Em 1923, Xul viaja para Stuttgart para participar das Jornadas Artístico-Pedagógicas, organizadas por Rudolf Steiner (de quem assistira a várias conferências proferidas na ocasião pelo mestre da antroposofia e de quem trouxera para Argentina, vários de seus livros e ensinamentos) (FISCHLER, 2005). A Antroposofia, fundada por Rodolf Steiner, como dissidência da Teosofia de Blavatsky, procura conhecer o "verdadeiro homem real (anthopós)" que se oculta por detrás do naturalismo, apreendido pelas Ciências Naturais. Segundo Steiner, Kant fora o grande expoente da ruptura entre ciência e mística, fechando toda gama de possibilidades ao acesso do conhecimento da essência das coisas. Já, a Antroposofia, tentando resgatar a filosofia aristotélica, faria frente à ciência moderna, abrindo a possibilidade do conhecimento total, "no ponto em que a realidade e a subjetividade se tocam por completo". Assim, os

dois fatores fundamentais para o desenvolvimento futuro da humanidade seria a admissão de que o ser humano é um ser de natureza espiritual, um complexo de necessidade espiritual, e do processo de reunificação entre religião, arte e ciência. O materialismo trouxera desequilíbrio à humanidade ao isolar a ciência dos demais campos do conhecimento (STEINER, 1994).

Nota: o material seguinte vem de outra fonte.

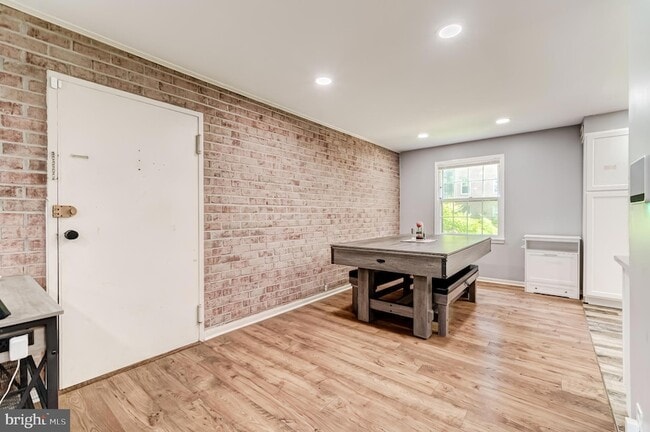 Foto del edificio - 6012 Westchester Dr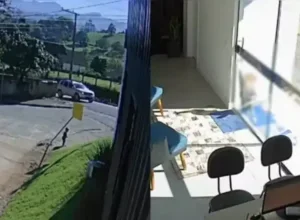 Frames dos vídeos que mostram o bebê que escapou de creche e foi até o trabalho da mãe.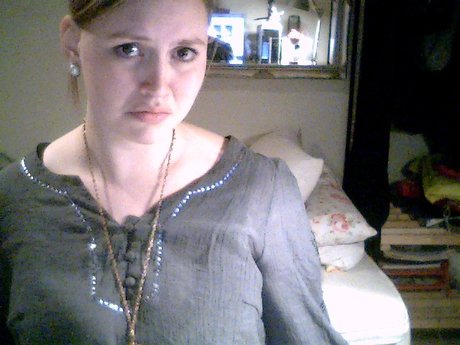 Otoni Ogni modelo de alta definición imagen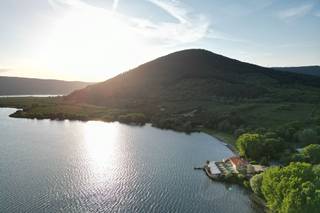 La Bella Venere Lake Resort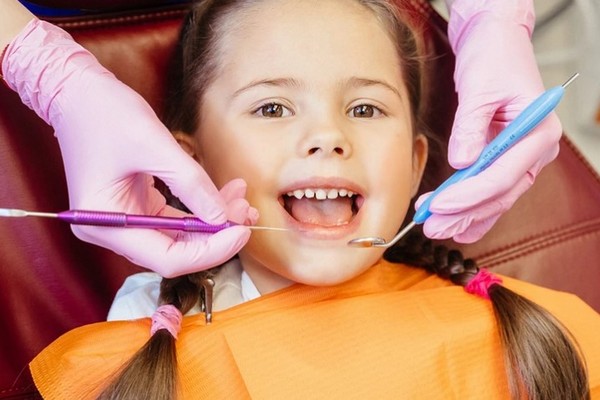 Без страха и слез: как подготовить малыша к первым визитам к врачу-стоматологу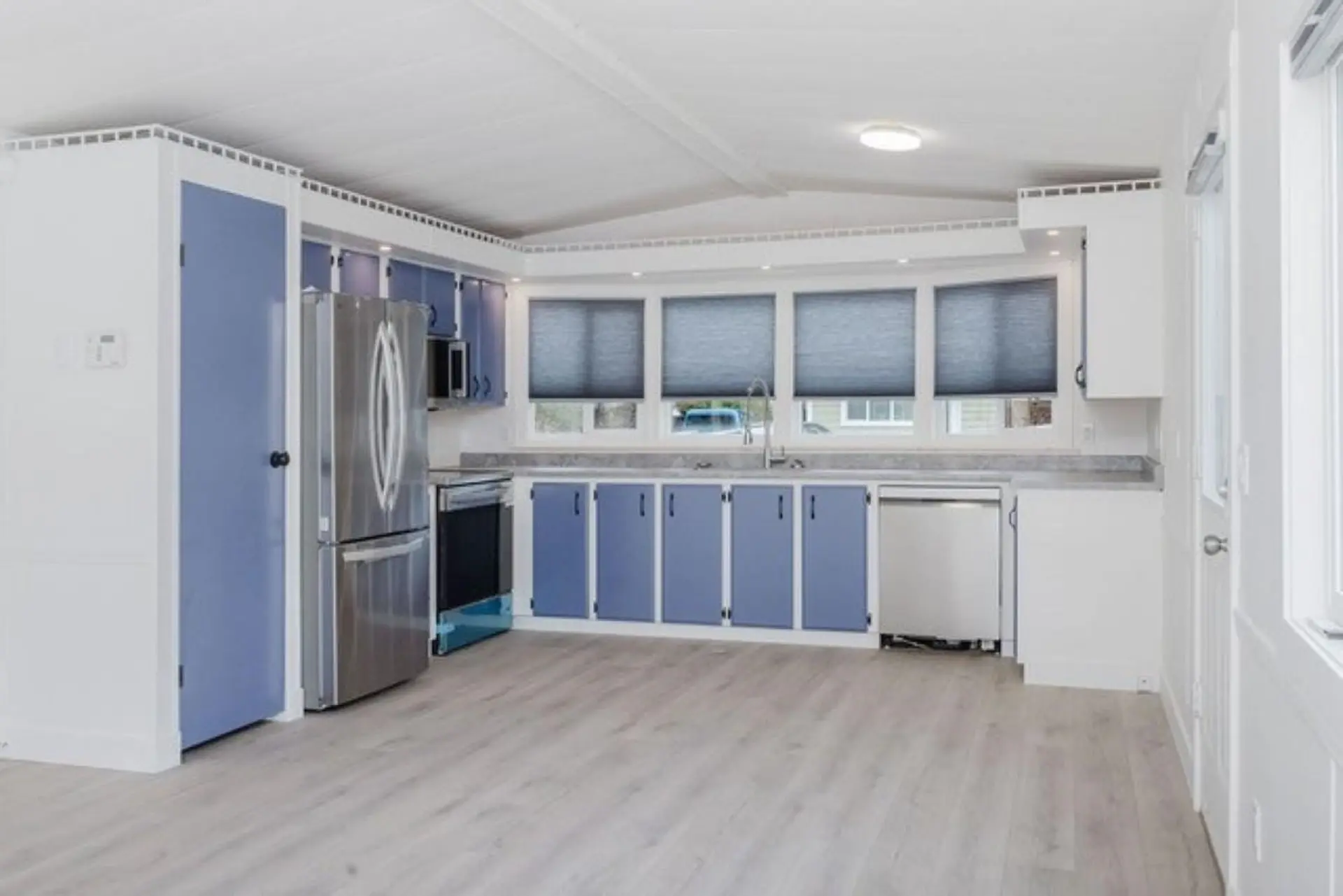 Property at #178 1413 SUNSHINE COAST HIGHWAY, Gibsons, BC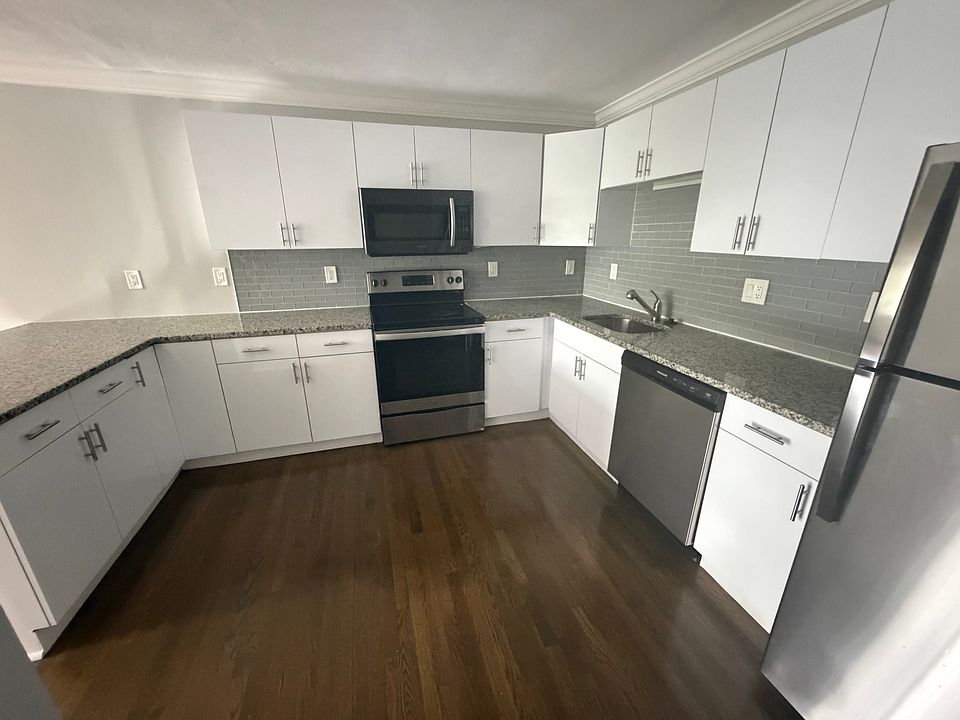 1st image of 573 Washington St Floor 3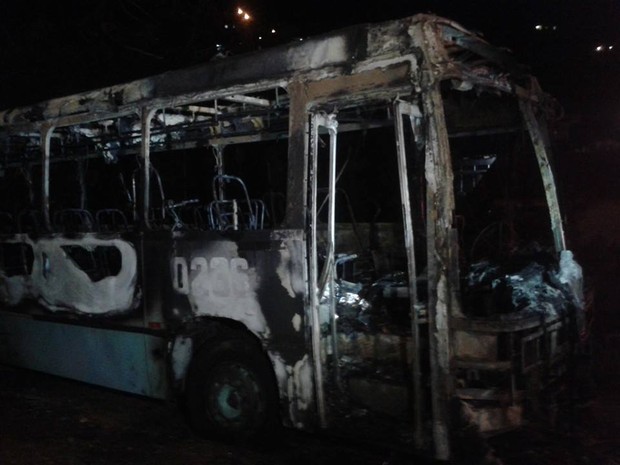 Ônibus coletivo foi incendiado na noite desta terça no bairro Saco Grande (Foto: Charles Domingues/RBS TV)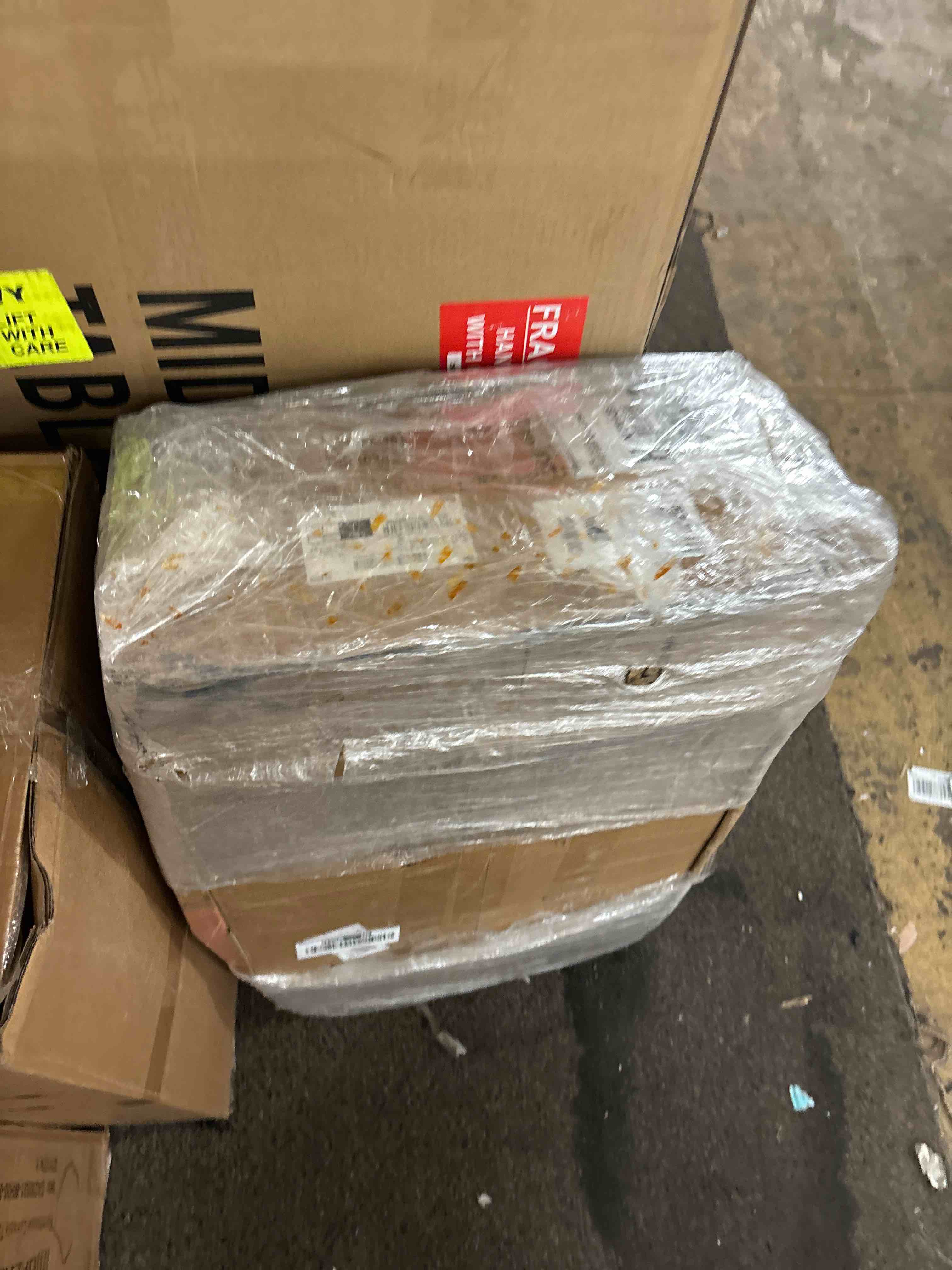 https://s3.amazonaws.com/lotting-images-prod/phillipi/RED5823375_1709598681095.jpeg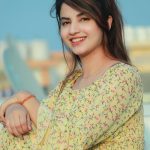 Piyanka Mongia Instagram - जिंदगी आसान नहीं होती, इसे आसान बनाना पड़ता है…! कुछ “अंदाज” से, कुछ “नजर अंदाज” से…!😊 . . . #piyanka_mongia #piyankians #piifam . . #keepsupporting #keepgoing #keeploving #keepmotivating #kbye #instadaily #instagood #instagram #insta #instamood #instafashion #fashion #fashionblogger #fashionstyle #reels #fashionphotography #fashionable #fashiongram #reelitfeelit #lifestyleblogger #lifestylephotography #reelkarofeelkaro #lifestylemodel #punjab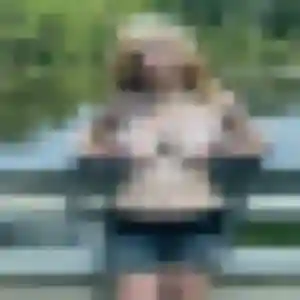 Rencontre Fleur, 26 ans à Chagny en privé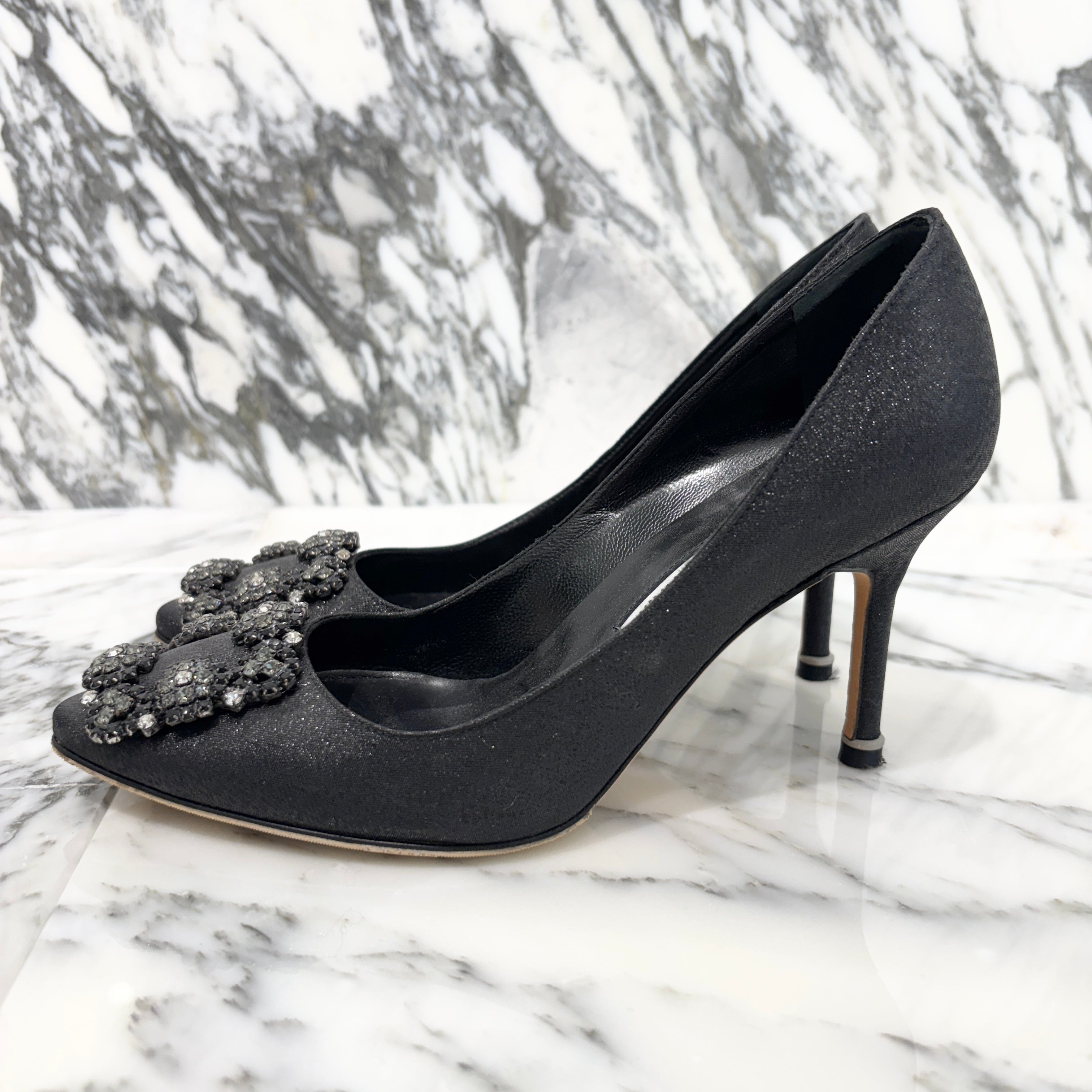MANOLO BLAHNIK HANGISI Jewel Buckle Pumps Size 35(22cm) マノロ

Para Steiner, o ser espiritual que foi chamado Cristo não era mais que o Ser Solar (interessante observar aqui o nome Xul Solar, que o artista adotara por volta de 1916)4, já adorado em épocas remotas entre os persas, egípcios e gregos, e nas culturas teutas, noruegas, celtas e outras pagãs, anteriores à passagem de Cristo pela terra.5 Também, é associado a Steiner os Goetheanum, uma arquitetura antroposófica, que se constitui em edificações para congregar comunidades, construídas em Munique e Dornach, na Suíça, localidade em que esteve Goethe. Steiner procurava nesses projetos arquitetônicos, dedicados à educação, reconciliar as artes, de forma integrada, pois acredita que o caos reinante nas cidades modernas é resultante da separação das mesmas. Não se sabe se Xul chegou a conhecer algum desses edifícios, mas Svanascini afirma que há uma fotografia de um deles em seus arquivos (SVANASCINI, 2002. p. 33).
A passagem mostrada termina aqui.